Pen-and-ink illustration of a small business owner closing a ledger beside a regulated insolvency practitioner, with a small tucked-away Union Jack as the only coloured element

A new Insolvency Service study has put a practical business process back into the spotlight: the Members’ Voluntary Liquidation, or MVL.

For many small company owners, liquidation sounds like a distress word. An MVL is different. It is a formal route for closing a solvent company that has reached the end of its useful life. The directors must be able to say the company can meet its liabilities, a licensed insolvency practitioner is appointed, assets are realised, creditors are paid and any remaining funds can be distributed to shareholders.

The new study, published by the Insolvency Service and covering 2,309 MVL cases from 2016 to 2024, found that the process is generally doing what it is meant to do. According to the government summary, creditors were paid in full within 12 months in 95% of the closed cases examined. It also said only seven of the 2,309 cases converted from an MVL into a Creditors’ Voluntary Liquidation, the route used when a company is insolvent.

Why this matters to SME owners

The finding is useful because many SMEs are owner-managed limited companies. Some close because the owner retires, sells assets, changes direction, merges activity into another company or decides a particular trading vehicle is no longer needed. When the company is solvent, the owner still needs a clean way to deal with creditors, cash, tax, assets and final distributions.

An MVL is not a quick DIY shutdown. It is a regulated process run by a licensed insolvency practitioner. That matters because closing a company can affect creditors, shareholders, employees, contracts and tax reporting. It also matters because the process starts with directors confirming the company can pay what it owes within the statutory timeframe.

The study also sits against a live legal backdrop. The Insolvency Service said the research was commissioned partly to assess the possible impact of a High Court ruling concerning the requirement for creditors and interest to be paid within 12 months of an MVL starting. The case is under appeal, so business owners should avoid drawing their own legal conclusions from the headlines alone.

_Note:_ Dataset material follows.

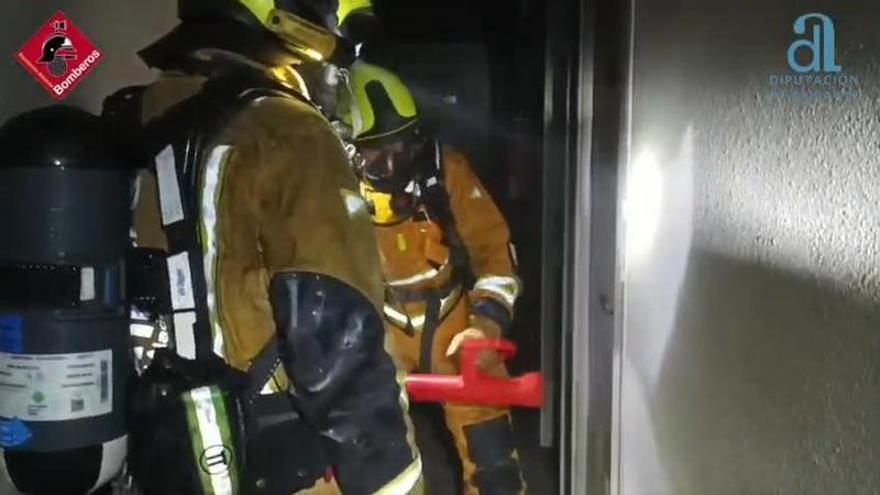 Incendio nocturno obliga a desalojar un alojamiento turístico en El Altet y activa un amplio operativo de rescate. Emergencia en la madrugada que puso en alerta a Elche.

What owners should take from it

The first takeaway is that solvent closure planning should start early. If a company is winding down, owners should get a clear picture of outstanding tax, supplier bills, finance agreements, customer obligations, leases, employment matters and contingent liabilities before deciding which route fits.

The second is that “solvent” needs evidence. A company that looks comfortable on a bank balance may still have future liabilities, disputed debts or tax obligations that change the picture. Directors should not treat an MVL as a way to tidy up uncertainty. If the business cannot pay its debts, a different insolvency route may be required.

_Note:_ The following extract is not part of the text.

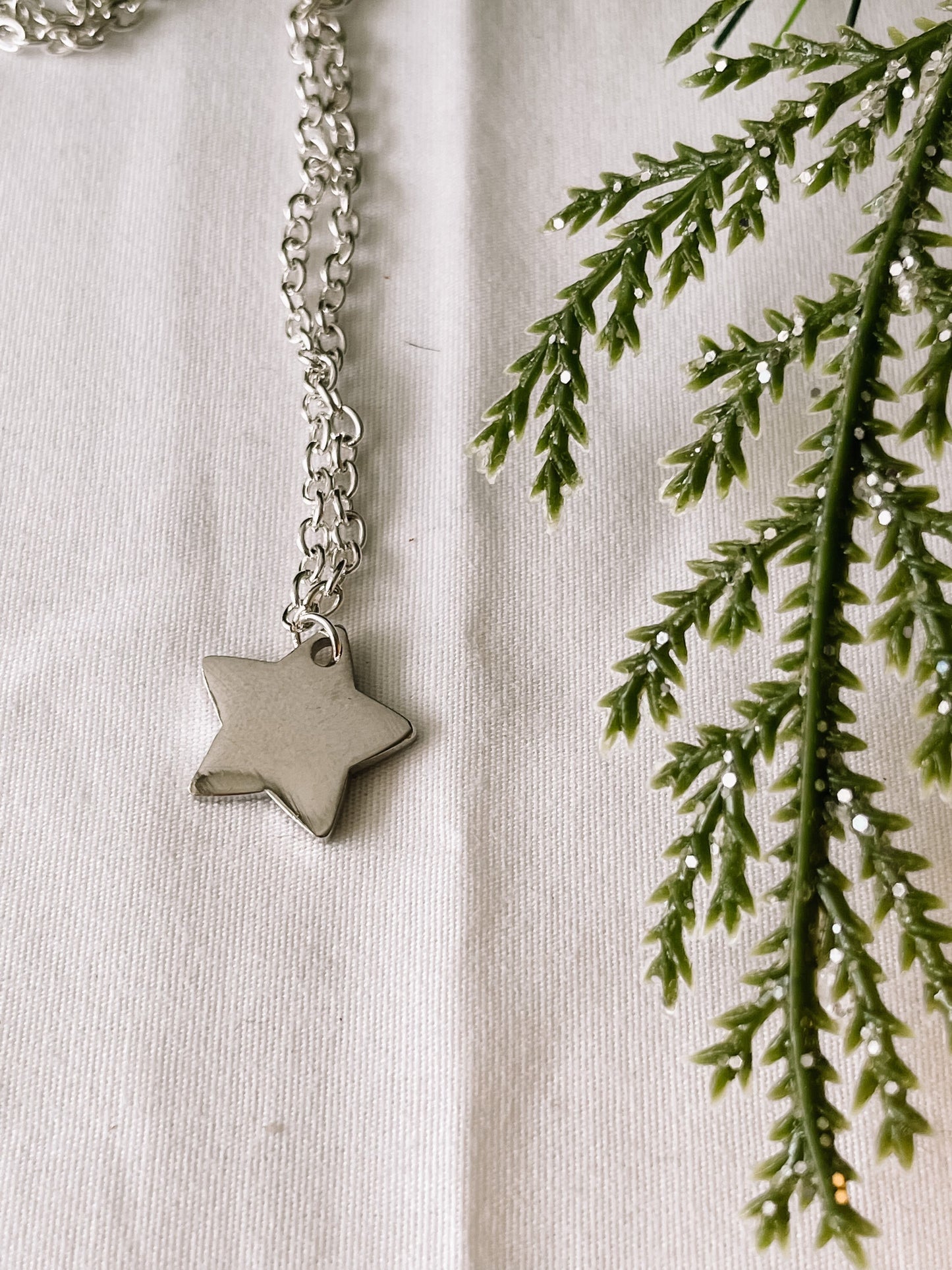 Big star charm necklace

The third is that professional advice is part of the protection. The Insolvency Service notes that MVLs are administered by regulated insolvency practitioners. For a business owner, that regulation should help bring discipline to creditor payments, asset realisation and shareholder distributions. It does not remove the need to understand fees, timescales and responsibilities before starting.

Questions to ask before an MVL

If you are considering closing a solvent limited company, useful questions include: what debts and tax liabilities remain, are all creditor claims known, are any contracts still live, are company records complete, what assets need to be realised, and how long could the process realistically take?

Owners should also ask what happens if new liabilities emerge after the process begins. The government summary says cases where creditors remained unpaid beyond 12 months were rare in the sample, but the risk is still important for any individual company.

For SMEs, the broader message is not that every solvent company closure needs an MVL. It is that solvent closure is a real governance decision, not just an admin chore. The latest study suggests the MVL system is working effectively in most cases examined, but the right route still depends on the company’s facts, its liabilities and the owner’s goals.